■ Given data:
------------------------------------------------
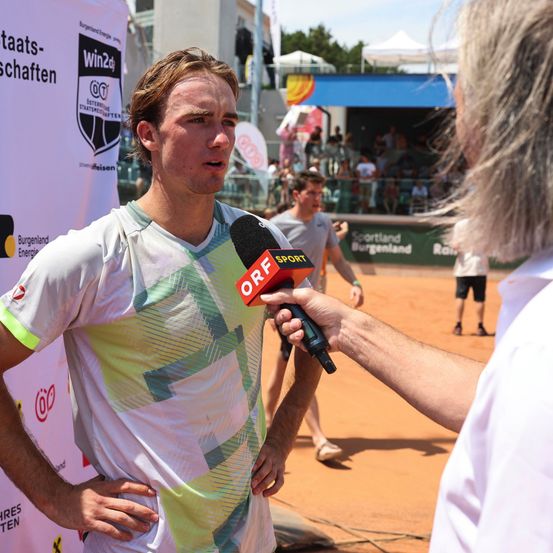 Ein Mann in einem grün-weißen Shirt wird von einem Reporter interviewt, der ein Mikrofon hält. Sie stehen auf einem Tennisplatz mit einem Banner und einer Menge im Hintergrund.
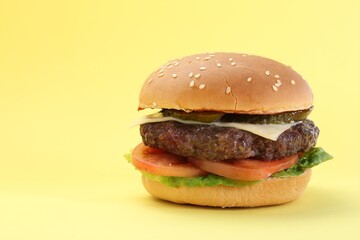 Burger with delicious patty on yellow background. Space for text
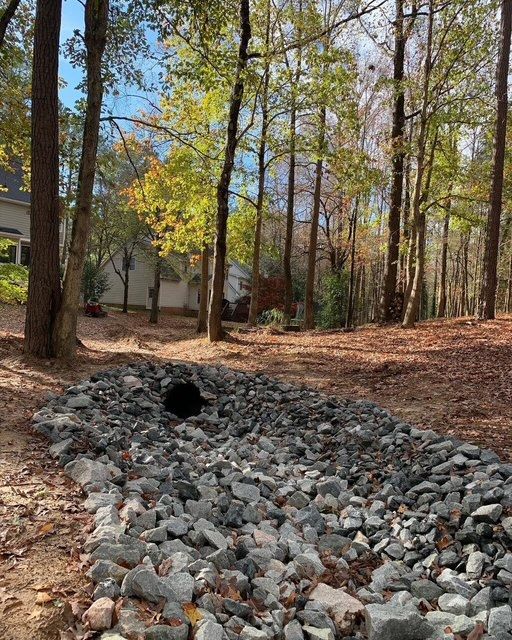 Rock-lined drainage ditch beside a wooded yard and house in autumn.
------------------------------------------------
■ Work request:
Drop the images; restate the listing exactly.

■ Your response:
 Ein Mann in einem grün-weißen Shirt wird von einem Reporter interviewt, der ein Mikrofon hält. Sie stehen auf einem Tennisplatz mit einem Banner und einer Menge im Hintergrund.
 Burger with delicious patty on yellow background. Space for text
 Rock-lined drainage ditch beside a wooded yard and house in autumn.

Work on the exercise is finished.